THERE'S good news for pop music fans searching for distinctive Christmas music this year. Several releases sidestep mediocrity and serve up original sounds, derring-do, and honest-to-goodness romance.
The following are top picks for this season. Most are available on both compact disc and cassette. HARK!
Richard Stolzman and guests
Gold is a Christmas color and also the sound of Stolzman's clarinet on this beautiful recording with guest artists Eddie Gomez, Dave Samuels, Bill Douglas, Jeremy Wall, and the Boys Choir of Harlem. Like Wynton Marsalis, Stolzman is one of the top classical "crossover" artists today. This album tastefully blends classical, jazz, and pop styles in a way that's hip and fresh, but not irreverent.
"Hark!" includes the most original and moving "Silent Night" I've ever heard. Stolzman's resonant tones turn this overplayed melody into a vision of stillness and shining stars. In the distance, a boy soprano sings the words like an angel overhead, but not in strict time. In fact, Don Sebesky's whole arrangement has a wonderful floating, unmeasured feeling.
With the help of jazz experts Gomez and Samuels on bass and vibraphone respectively, Stolzman performs "Ding Dong!," "We Three Kings," and "Deck the Halls" with a stylistic twist - but it works. Improvisation runs throughout the CD, except in the classical choral pieces such as "There Is No Rose" (Benjamin Britten) and "Nativity Carol" (John Rutter).
HANDEL'S MESSIAH: A SOULFUL CELEBRATION
If you've ever wanted to clap along to Handel, now's your chance. Some highly talented singers and arrangers have modernized portions of the "Messiah" with blues, funk, jazz, and even rap. It could be a shocker for die-hard "Messiah" fans, but if you like gospel and other African-American musical traditions (and have an open mind), slide this into your CD player.
A host of black artists such as Gladys Knight, Take 6, Dizzy Gillespie, Al Jarreau, Patti Austin, Stevie Wonder, and Diane Reeves take part in this salute to the 250th anniversary of the work and to the history of black music.

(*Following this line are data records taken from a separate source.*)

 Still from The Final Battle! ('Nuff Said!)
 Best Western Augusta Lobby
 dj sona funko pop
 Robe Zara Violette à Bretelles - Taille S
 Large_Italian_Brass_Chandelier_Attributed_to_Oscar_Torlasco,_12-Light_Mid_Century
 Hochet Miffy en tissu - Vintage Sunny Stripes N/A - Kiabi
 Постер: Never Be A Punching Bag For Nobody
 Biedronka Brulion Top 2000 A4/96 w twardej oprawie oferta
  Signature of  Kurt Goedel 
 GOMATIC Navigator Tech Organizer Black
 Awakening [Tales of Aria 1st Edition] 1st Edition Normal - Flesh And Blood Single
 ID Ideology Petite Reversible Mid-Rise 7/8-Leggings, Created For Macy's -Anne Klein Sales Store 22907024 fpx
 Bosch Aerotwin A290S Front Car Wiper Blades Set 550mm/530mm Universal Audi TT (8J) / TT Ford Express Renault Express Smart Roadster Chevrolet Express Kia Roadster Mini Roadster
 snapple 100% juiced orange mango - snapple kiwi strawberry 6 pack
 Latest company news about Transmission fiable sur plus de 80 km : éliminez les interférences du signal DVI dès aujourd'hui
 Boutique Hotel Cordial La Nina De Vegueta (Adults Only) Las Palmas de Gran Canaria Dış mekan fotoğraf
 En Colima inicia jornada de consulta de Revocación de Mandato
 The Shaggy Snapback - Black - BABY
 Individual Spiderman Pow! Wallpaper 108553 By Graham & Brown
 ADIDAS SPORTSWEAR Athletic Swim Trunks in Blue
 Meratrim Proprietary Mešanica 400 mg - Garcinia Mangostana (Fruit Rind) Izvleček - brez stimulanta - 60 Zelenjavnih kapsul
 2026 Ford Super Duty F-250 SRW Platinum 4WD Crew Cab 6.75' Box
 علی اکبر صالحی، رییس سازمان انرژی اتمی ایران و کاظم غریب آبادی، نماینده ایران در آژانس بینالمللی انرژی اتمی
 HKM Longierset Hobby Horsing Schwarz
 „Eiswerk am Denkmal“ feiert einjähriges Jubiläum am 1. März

The centerpiece of the album is an all-star "Hallelujah!" chorus conducted by Quincy Jones. The text and vocal lines are true to the original, but the rhythms and instrumentation are decidedly gospel. Mervyn Warren, a former member of the a cappella jazz group Take 6, has produced this piece as well as six others on the album. His talent is unmistakable.
Top cuts include a pure funk and rap version of "Every Valley Shall Be Exalted," co-arranged by Warren and another Take 6 member, Mark Kibble. Let's just say you've got to hear it to believe it. Patti Austin's smooth alto suits the pop-flavored groove in "But Who May Abide The Day Of His Coming." Again, the melody and basic chord progressions are the same as Handel's, yet the underlying beat has changed.
The beat stays true, however, in Warren's brilliant arrangement of "Why Do The Nations So Furiously Rage?" He translates Handel's unrelenting pulse into the driving bass line of a jazz rhythm section. Not all selections on the CD are as successful, but as a whole, the project deserves praise. LET IT SNOW
Artists from the '40s,
'50s, and '60s
Don't let the cartoonish CD cover fool you. This generous compilation of tunes by great singers of the past has more true class and musicianship than any of the shamelessly commercial "all-star" Christmas albums that nab all the attention each year. No present-day performer can beat Lena Horne's swinging version of "Let It Snow" (1966) or Nancy Wilson's superbly romantic "What Are You Doing New Years Eve?" (1963). There's stylistic variety, too, as Lou Rawls kicks in with his jazzy "Christmas Is" (1967 ) and Dean Martin croons "The Christmas Blues" (1953).
Other singers include June Christy, Peggy Lee, Al Martino, and Bing Crosby. Though the 25 songs by 17 artists were transferred from analog tape, the CD is remarkably free of hiss. With the resurgence of interest in past greats like Nat King Cole, it's a wonder why Capitol isn't playing up this goodie more. THE CHRISTMAS ALBUM
The Manhattan Transfer
If you're in need of some fire-side tranquility, the eight-time Grammy Award-winning Manhattan Transfer turns on the slow-burning heat with their first Christmas album. Eight of the 11 songs are soft and easy, offering lush violins and harmonically rich vocal arrangements. Special guest Tony Bennett gives a cozy rendition of "The Christmas Song (Chestnuts Roasting On An Open Fire)."
But one wishes for more variety and pep throughout the whole CD. Even the traditional religious tunes like "Silent Night" and "It Came Upon The Midnight Clear" are stretched to their slowest limits. Only two cuts, "Santa Claus Is Coming To Town" and Irving Berlin's "Happy Holiday" treat listeners to the rollicking jazz singing the quartet is famous for. Obviously, this album was meant for quiet winter evenings.